I did not actually perform this install, nor am I responsible for fixing issues on this particular cluster. I just happen to be checking it and found some things that puzzle me. My point in this is trying to understand why it is working, at least to some respect.

OS: Window Server 2003 Enterprise (64-bit)
SQL: SQL Server 2005 Enterprise (64-bit)

Started with a 2 node active/active cluster: Server1 running Instance1, then Server2 running Instance2.

Instance 1 and Instance2 are at the service pack 3 build number for SQL Server 2005 (+ a few hotfixes). I believe it is 9.00.4053. Two new servers are built to replace Server1 and Server2. So the servers were built and added into the cluster, Server3 and Server4. Since I did not do the installation I am assuming to a point that the person followed the steps to add a new SQL Server node as described here in BOL:
http://msdn.microsoft.com/en-us/library/ms191545(v=SQL.90).aspx

I found that Instance1 and Instance2 are now both running on Server3. However the build number of the instances now show to be 9.00.1399, which is an installation unpatched.
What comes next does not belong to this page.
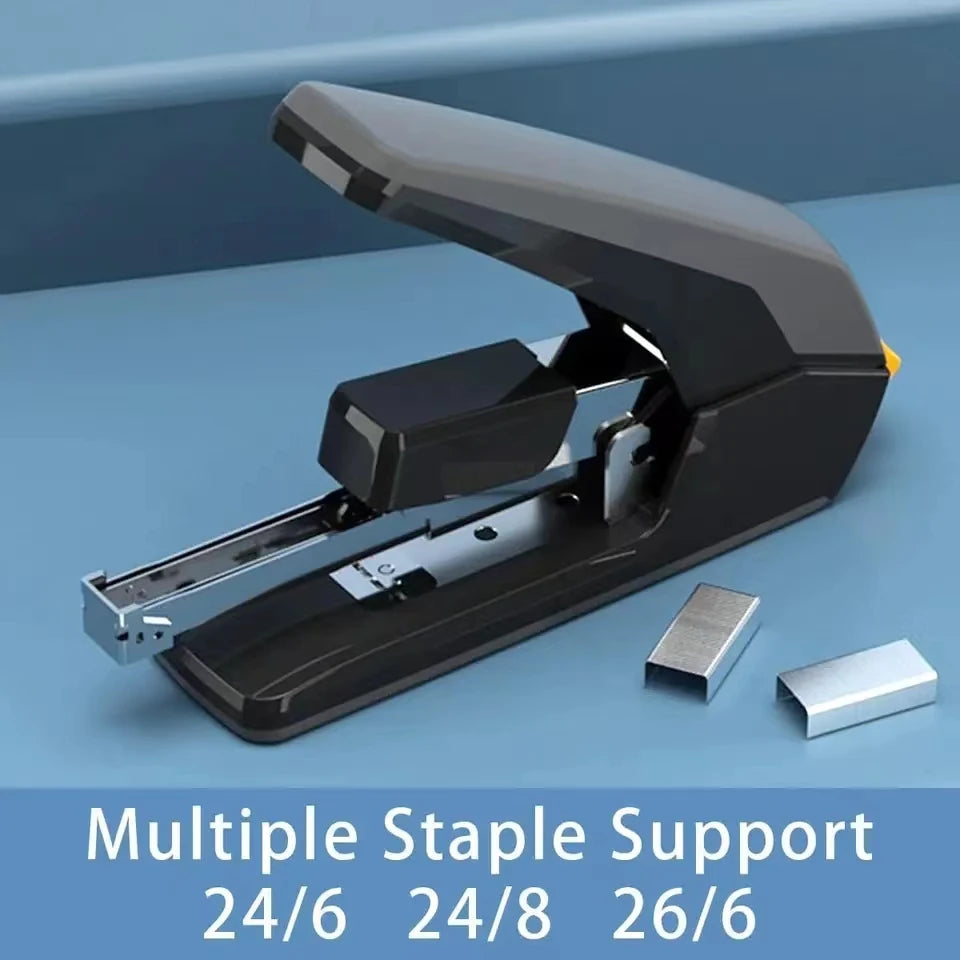 Deli Labor-saving stapler office supplies student special mini small stapler standard multi-function practical stapler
The instances are active and still running on this RTM build of SQL Server within the cluster. ?????

My thought process here is you cannot take a backup of master database and restore it to an instance that is at a lower build number than what the backup was taken from. So if you just go on that point, how can a cluster instance failover to a node that is not at the same build number? Why would SQL Server (or Microsoft) even allow it to do this?

Also the last step in the BOL article linked above has "All nodes of a failover cluster instance must be at the same version level." I cannot find anything that states what happens if you are not. The only thing I have found on Instance2 is the SQL Agent jobs don't seem to be working anymore and when the databases are being brought online there is a stack dump from something like the IO listener (I don't recall the exact message showing). I have also seen a few messages referencing IO write issues.
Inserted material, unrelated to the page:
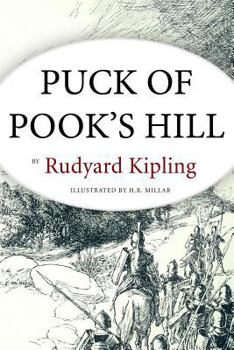 Paperback Puck of Pook's Hill: Illustrated Book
The databases themselves are online and appears the applications are functioning as desired. They have been running in this manner for the past week or so. Any thoughts?

Best Answer

You probably don't need anyone to tell you that you need to fix the build level on that third node! I suspect it's all working ok because of the introduction of the resource database in SQL2005: http://msdn.microsoft.com/en-us/library/ms190940.aspx

I vaguely remember an old Windows 2000 / SQL Server 2000 cluster I used to work with, where SQL thought it was a lower patched level on one node compared to the other.